6. Don’t forget to ask questions! At the end of each interview, your interviewer will ask if you have any questions for them. The answer should always be yes; not asking any questions shows a lack of interest. It’s very important to do research about the company before the interview. In fact, some employers might ask you questions about the company, so you’ll want to be prepared. Ask intelligent questions about the job, company, or industry.
1. Don’t forget to turn your phone off. If you want to keep your phone on silent, make sure that the vibration setting is off. This shouldn’t even have to be said, but don’t ever (seriously, ever) answer your phone or respond to a text during an interview.
2. Don’t cross your arms. This may be hard for some people, but crossing your arms during an interview tells your interviewer that you are closed off, closed minded, defensive, or even bored. Even if you have a habit of crossing your arms, try your hardest to keep your arms at your side or in your lap. Crossing your arms is probably the most widely known negative piece of body language.
3. Don’t fidget.
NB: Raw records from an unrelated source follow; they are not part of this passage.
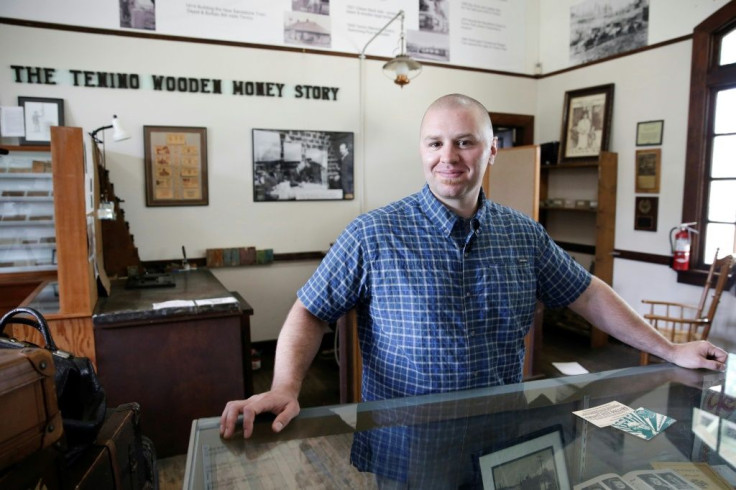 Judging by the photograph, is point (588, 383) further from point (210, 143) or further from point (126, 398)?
point (210, 143)

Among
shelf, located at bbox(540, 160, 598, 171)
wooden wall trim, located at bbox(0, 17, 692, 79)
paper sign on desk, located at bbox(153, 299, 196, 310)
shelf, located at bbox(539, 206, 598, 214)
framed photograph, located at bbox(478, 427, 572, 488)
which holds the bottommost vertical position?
paper sign on desk, located at bbox(153, 299, 196, 310)

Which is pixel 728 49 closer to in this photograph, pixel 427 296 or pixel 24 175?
pixel 427 296

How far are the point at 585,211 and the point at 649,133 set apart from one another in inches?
39.1

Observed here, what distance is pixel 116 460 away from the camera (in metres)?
1.55

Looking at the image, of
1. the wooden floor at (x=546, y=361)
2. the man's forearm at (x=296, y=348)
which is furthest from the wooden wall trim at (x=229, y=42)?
the man's forearm at (x=296, y=348)

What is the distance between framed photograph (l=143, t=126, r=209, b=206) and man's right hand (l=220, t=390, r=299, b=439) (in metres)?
3.79

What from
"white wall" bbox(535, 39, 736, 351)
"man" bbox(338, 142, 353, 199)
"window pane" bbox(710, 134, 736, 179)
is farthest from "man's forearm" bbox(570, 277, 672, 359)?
"man" bbox(338, 142, 353, 199)

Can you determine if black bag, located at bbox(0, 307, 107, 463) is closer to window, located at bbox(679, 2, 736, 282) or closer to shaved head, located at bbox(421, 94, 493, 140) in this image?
shaved head, located at bbox(421, 94, 493, 140)

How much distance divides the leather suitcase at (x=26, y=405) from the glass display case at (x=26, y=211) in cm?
305

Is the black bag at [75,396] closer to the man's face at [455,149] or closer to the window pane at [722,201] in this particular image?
the man's face at [455,149]

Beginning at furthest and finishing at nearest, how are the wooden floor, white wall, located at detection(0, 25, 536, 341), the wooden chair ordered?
white wall, located at detection(0, 25, 536, 341) < the wooden floor < the wooden chair

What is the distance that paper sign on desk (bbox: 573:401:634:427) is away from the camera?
119 cm

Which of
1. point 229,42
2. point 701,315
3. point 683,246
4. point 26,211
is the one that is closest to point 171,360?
point 26,211

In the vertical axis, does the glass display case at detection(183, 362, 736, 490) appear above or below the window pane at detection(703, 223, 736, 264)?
below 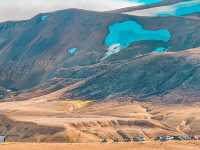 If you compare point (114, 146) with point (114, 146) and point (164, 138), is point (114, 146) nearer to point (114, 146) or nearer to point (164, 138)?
point (114, 146)

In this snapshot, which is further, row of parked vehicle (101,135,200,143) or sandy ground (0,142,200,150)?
row of parked vehicle (101,135,200,143)

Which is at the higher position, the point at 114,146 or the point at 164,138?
the point at 114,146

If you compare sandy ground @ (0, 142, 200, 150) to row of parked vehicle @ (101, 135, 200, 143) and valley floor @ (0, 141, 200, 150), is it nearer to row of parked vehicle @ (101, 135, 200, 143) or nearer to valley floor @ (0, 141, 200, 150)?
valley floor @ (0, 141, 200, 150)

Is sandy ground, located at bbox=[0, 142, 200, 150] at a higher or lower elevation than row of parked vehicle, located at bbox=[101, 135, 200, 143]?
higher

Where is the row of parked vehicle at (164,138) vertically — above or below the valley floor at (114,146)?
below

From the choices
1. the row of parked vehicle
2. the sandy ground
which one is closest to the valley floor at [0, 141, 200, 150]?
the sandy ground

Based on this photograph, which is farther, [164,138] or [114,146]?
[164,138]

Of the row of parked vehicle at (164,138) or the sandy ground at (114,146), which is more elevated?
the sandy ground at (114,146)

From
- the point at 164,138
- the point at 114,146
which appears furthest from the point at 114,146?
the point at 164,138

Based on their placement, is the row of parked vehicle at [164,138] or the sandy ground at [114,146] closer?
the sandy ground at [114,146]

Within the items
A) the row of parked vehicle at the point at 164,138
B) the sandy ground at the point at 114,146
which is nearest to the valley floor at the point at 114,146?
the sandy ground at the point at 114,146

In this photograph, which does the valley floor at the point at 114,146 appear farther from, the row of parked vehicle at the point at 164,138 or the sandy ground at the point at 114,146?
the row of parked vehicle at the point at 164,138

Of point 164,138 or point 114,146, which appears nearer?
point 114,146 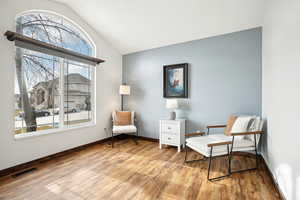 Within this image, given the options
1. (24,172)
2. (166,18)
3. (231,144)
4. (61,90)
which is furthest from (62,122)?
(231,144)

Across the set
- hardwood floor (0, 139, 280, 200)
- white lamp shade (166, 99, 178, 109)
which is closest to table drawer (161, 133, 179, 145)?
hardwood floor (0, 139, 280, 200)

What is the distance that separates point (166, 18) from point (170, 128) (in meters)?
2.36

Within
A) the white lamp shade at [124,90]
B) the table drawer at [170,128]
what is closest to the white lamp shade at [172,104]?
the table drawer at [170,128]

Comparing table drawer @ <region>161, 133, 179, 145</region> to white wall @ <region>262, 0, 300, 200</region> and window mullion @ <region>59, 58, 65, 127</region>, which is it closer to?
white wall @ <region>262, 0, 300, 200</region>

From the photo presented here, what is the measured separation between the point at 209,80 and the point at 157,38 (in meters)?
1.63

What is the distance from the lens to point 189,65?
3.23 metres

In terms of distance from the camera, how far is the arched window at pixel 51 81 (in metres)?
2.28

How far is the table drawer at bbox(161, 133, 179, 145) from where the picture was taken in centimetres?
298

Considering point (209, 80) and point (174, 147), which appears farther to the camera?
point (174, 147)

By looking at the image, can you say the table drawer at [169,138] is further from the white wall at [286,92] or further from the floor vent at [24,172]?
the floor vent at [24,172]

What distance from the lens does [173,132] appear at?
9.85 feet

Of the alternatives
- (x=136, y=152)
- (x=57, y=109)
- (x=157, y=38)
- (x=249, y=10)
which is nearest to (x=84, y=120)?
(x=57, y=109)

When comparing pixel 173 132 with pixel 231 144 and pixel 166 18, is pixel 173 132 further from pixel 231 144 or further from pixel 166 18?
pixel 166 18

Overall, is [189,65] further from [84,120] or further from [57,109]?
[57,109] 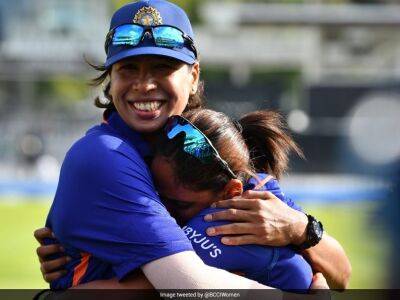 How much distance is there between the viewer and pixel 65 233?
3.04m

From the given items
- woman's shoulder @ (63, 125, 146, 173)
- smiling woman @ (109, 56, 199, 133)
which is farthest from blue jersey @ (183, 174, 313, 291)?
smiling woman @ (109, 56, 199, 133)

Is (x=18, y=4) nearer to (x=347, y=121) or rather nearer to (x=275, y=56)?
(x=275, y=56)

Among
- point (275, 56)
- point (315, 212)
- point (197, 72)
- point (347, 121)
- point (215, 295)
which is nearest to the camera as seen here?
point (215, 295)

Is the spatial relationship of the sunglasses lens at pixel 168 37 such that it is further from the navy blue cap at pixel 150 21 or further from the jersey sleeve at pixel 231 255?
the jersey sleeve at pixel 231 255

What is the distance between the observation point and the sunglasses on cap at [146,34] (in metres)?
3.19

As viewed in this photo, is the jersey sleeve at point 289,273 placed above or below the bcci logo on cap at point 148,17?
below

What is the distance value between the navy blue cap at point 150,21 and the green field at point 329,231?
3.74 meters

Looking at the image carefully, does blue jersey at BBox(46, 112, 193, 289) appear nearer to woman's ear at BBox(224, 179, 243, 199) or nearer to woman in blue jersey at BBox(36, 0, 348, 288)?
woman in blue jersey at BBox(36, 0, 348, 288)

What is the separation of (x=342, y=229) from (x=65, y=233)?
958cm

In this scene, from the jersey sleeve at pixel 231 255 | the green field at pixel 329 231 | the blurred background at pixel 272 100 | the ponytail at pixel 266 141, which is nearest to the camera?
the jersey sleeve at pixel 231 255

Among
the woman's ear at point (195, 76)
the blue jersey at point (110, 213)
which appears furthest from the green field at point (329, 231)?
the blue jersey at point (110, 213)

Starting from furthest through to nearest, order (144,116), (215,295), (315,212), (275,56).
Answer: (275,56) → (315,212) → (144,116) → (215,295)

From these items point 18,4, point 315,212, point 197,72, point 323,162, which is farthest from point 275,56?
point 197,72

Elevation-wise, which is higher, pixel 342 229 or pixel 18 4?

Most people fidget when they are nervous, and it can manifest itself in many forms: face touching, leg shaking, hair twirling, and nail biting. While you can’t stop yourself from doing these things all the time, you must stop during the interview. All of these actions imply that you’re either nervous or dishonest. Some interviewers might even read your fidgeting as a desire to end the interview as quickly as possible.
4. Don’t make negative comments about past employers. No matter what problems you may have had with previous employers, keep it out of the interview. You don’t want your prospective employer to think that you are a bitter or resentful person. The point of the interview is to talk about the potential position and what you can bring to the company.
5. Don’t interrupt the interviewer. Even if you think it’s your turn to speak or that you get where the interviewer is going with the question, give him a chance to finish. Being interrupted is both annoying and unprofessional. Do your best to maintain eye contact and show you are listening intently. Interrupting could be misinterpreted as pompous behavior, and you don’t want your interviewer to get the wrong impression of you.
6. Don’t nod constantly. Oftentimes when people are confused or not really listening, they nod constantly in order to make it seem like they are paying attention. Some people believe that nodding in agreement at everything the interviewer says will get them bonus points. This is not the case during an interview. While it’s ok to nod in agreement when you genuinely agree with something, nodding constantly makes you look weak-willed or condescending. By constantly nodding at everything, you also risk being asked a question that you can’t respond to.
Remember not to be so focused on this advice that you overwhelm yourself during the interview. Use these tips as guidelines, and don’t forget to practice before the interview. After the interview, maintain your best interview attitude until you are away from the building.